The INPUT statement specifies predictor variables for the decision tree or regression tree. The value of variable can be a range such as "var_1–var_1000" or the special "_ALL_" value to include all variables in the data set. As with CLASS variables, all nominal INPUT variables are padded or truncated to 32 characters.

It is an error to use an INPUT statement with a MODEL or CLASS statement.

You can specify the following option:

LEVEL=INT | NOM

specifies whether the specified predictor variables are interval or nominal.

INT

treats all numeric variables as interval predictors.

NOM

treats all variables as nominal predictors.

By default, numeric variables are treated as interval predictors, and character variables are treated as nominal predictors. Specifying LEVEL=NOM forces all variables in that statement to be treated as nominal. PROC HPSPLIT ignores the LEVEL=INT option for character variables.

TARGET Statement

  • TARGET variable </ options>;

The TARGET statement names the variable whose values PROC HPSPLIT tries to predict. Missing values in the target are ignored except during scoring.

It is an error to use a TARGET statement with a MODEL or CLASS statement.

You can specify the following options:

LEVEL=INT | NOM

specifies whether the specified response variable is interval or nominal.

INT

treats the response as an interval variable and creates a regression tree.

NOM

treats the response as a nominal variable and creates a decision tree.

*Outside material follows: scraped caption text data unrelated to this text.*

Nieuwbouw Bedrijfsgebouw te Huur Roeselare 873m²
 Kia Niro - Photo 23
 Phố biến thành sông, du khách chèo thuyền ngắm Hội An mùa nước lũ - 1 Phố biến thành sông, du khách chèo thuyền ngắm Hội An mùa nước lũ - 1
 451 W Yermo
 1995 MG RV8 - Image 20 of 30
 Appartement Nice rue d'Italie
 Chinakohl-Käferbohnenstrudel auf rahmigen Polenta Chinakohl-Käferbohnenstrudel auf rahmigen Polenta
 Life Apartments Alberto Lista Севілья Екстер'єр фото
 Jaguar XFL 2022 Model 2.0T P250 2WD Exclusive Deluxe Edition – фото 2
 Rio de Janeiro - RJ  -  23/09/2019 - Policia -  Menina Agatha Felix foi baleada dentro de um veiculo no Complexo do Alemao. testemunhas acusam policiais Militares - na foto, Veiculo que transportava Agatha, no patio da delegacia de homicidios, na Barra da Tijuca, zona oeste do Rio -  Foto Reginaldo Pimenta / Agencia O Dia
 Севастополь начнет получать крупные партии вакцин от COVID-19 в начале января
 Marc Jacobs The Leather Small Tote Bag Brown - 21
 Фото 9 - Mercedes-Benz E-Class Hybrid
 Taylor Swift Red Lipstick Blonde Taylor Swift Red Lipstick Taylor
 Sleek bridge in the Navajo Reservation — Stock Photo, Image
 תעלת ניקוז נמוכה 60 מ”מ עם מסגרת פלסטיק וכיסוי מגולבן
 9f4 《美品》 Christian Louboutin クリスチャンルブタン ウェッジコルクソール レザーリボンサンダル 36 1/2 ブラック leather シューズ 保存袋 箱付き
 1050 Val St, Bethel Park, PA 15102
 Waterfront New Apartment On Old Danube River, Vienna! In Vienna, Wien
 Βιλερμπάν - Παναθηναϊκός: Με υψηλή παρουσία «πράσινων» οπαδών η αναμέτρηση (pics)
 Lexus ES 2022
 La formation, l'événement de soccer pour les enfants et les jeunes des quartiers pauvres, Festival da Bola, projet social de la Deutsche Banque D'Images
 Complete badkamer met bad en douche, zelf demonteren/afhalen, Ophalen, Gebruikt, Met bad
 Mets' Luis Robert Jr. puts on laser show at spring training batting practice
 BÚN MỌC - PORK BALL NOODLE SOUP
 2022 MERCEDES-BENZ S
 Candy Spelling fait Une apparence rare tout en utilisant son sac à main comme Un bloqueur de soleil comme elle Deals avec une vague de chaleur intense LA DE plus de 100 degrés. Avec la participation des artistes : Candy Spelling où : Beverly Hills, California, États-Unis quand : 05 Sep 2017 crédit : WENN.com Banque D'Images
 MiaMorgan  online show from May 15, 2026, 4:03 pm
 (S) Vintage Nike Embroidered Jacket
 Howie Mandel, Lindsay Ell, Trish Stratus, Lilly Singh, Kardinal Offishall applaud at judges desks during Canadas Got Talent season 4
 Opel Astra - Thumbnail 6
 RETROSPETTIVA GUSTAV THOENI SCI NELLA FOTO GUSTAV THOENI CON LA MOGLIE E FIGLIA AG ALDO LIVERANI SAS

By default, LEVEL=NOM, and PROC HPSPLIT creates a decision tree (nominal response).

ORDER=ordering

ensures that the response values are levelized in the specified order. You can specify the following values:

ASC | ASCENDING

levelizes response values in ascending order.

DESC | DESCENDING

levelizes response values in descending order.

FMTASC | ASCFORMATTED

levelizes response values in ascending order of the formatted value.

FMTDESC | DESFORMATTED

levelizes response values in descending order of the formatted value.

By default, ORDER=DESC.

Example Classification Tree Syntax for SAS/STAT and SAS Enterprise Miner

The following two programs are equivalent. The first is based on the syntax in the section Syntax: HPSPLIT Procedure, and the second is SAS Enterprise Miner syntax.

proc hpsplit data=sashelp.cars;
  class enginesize model;
  model enginesize = mpg_highway model;
run;
proc hpsplit data=sashelp.cars;
  target enginesize;
  input mpg_highway model;
run;

Example Regression Tree Syntax for SAS/STAT and SAS Enterprise Miner

The following two programs are equivalent. The first is based on the syntax in the section Syntax: HPSPLIT Procedure, and the second is SAS Enterprise Miner syntax.

proc hpsplit data=sashelp.cars;
  class model;
  model enginesize = mpg_highway model;
run;
proc hpsplit data=sashelp.cars;
  target enginesize / level=int;
  input mpg_highway model;
run;

Note for SAS Enterprise Miner Users

Note: The RSS splitting criterion is also known as the variance splitting criterion.